:: Data records

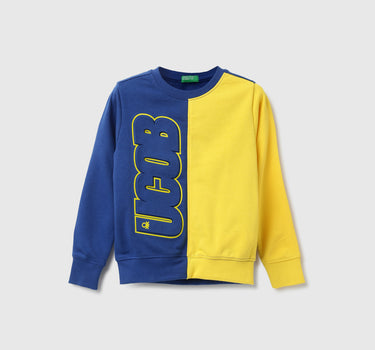 Boys Colorblock Round Neck Sweatshirt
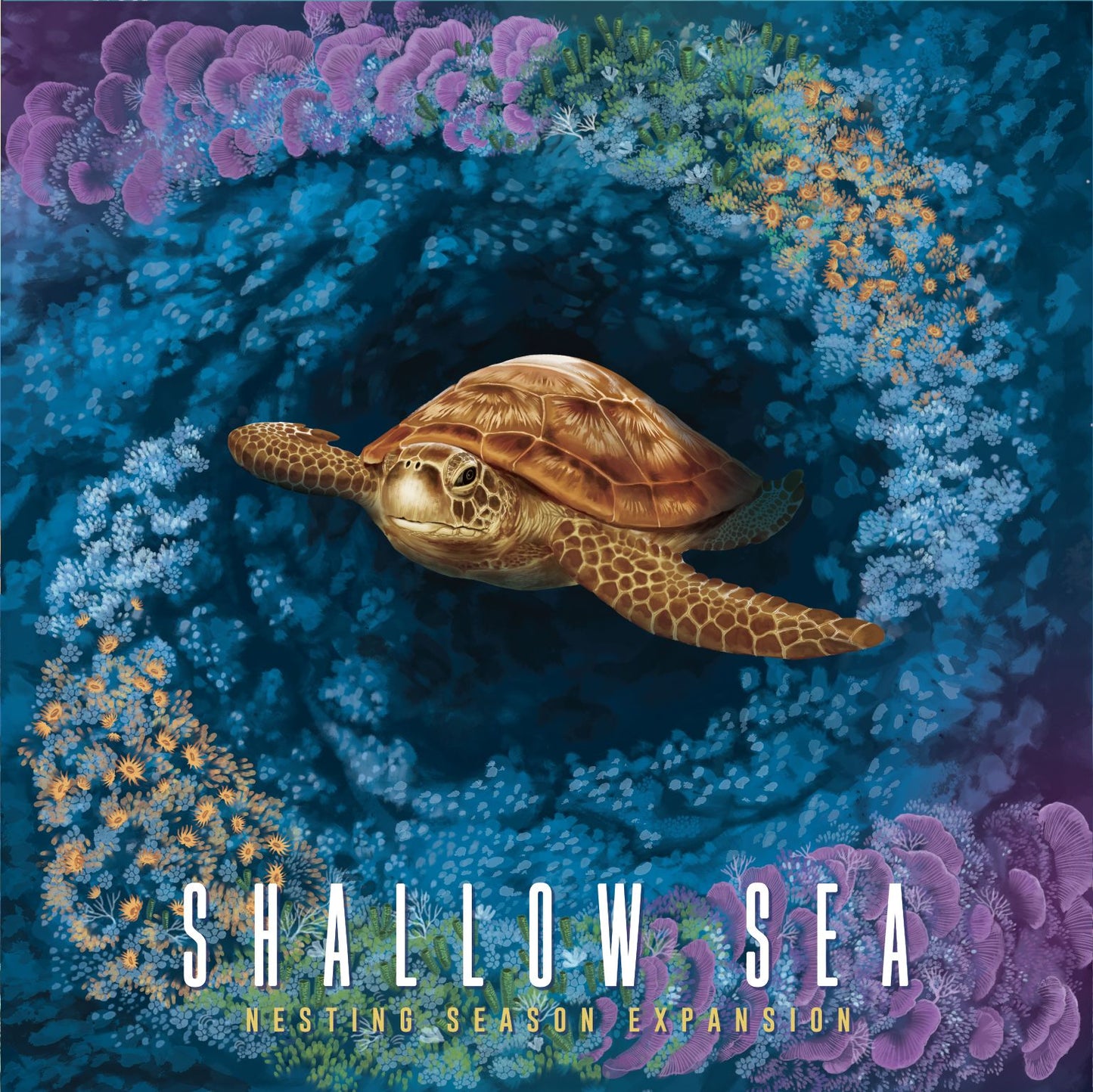 Shallow Seas: Nesting Season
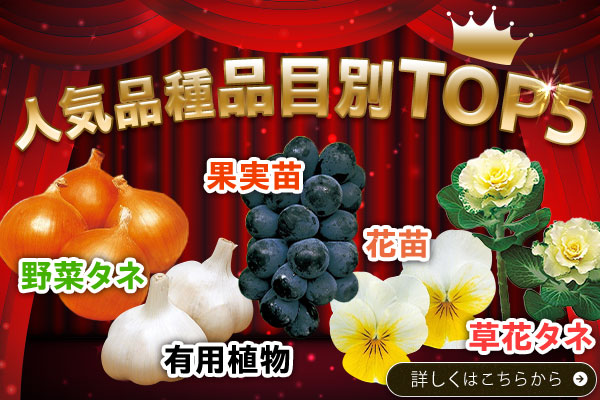 人気品種　品目ごとTOP5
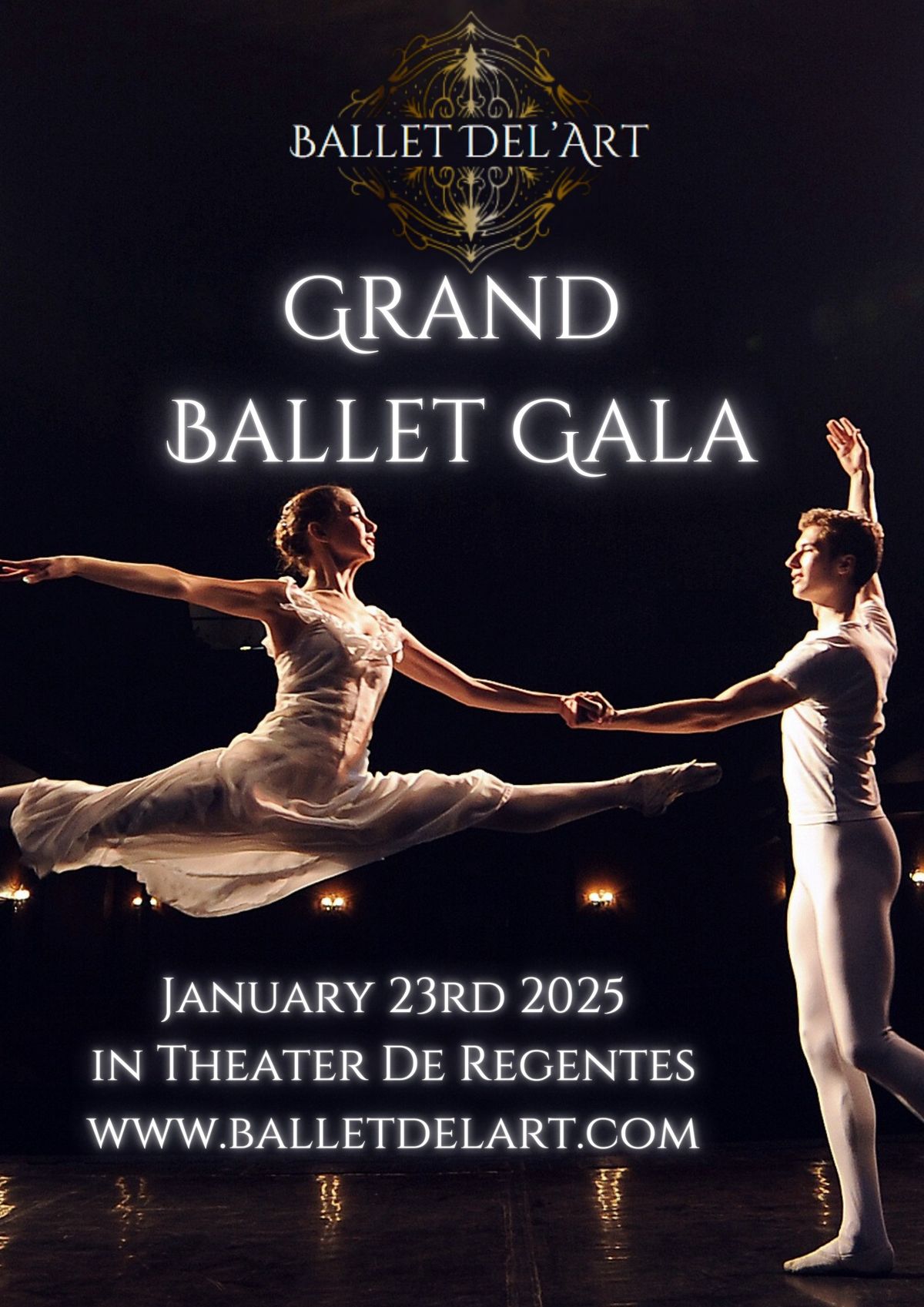 Grand Ballet Gala in The Hague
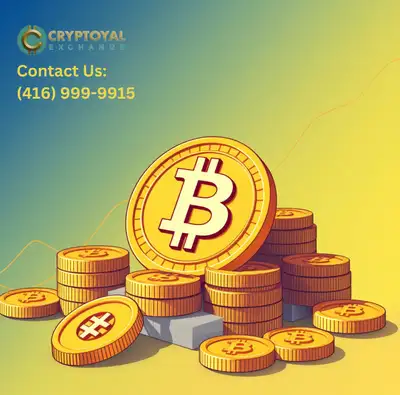 Fast and reliable exchange through a professional team Call or WhatsApp: (416) 999 9915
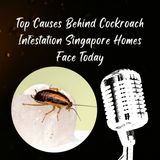 Top Causes Behind Cockroach Infestation Singapore Homes Face Today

::::

## What you will do
Could you retype exactly, and only, the lines running from the one with "人気品種　品目ごとTOP5" to the last line of the listing, while leaving any pictures out?

## Solution
 人気品種　品目ごとTOP5
 Grand Ballet Gala in The Hague
 Fast and reliable exchange through a professional team Call or WhatsApp: (416) 999 9915
 Top Causes Behind Cockroach Infestation Singapore Homes Face Today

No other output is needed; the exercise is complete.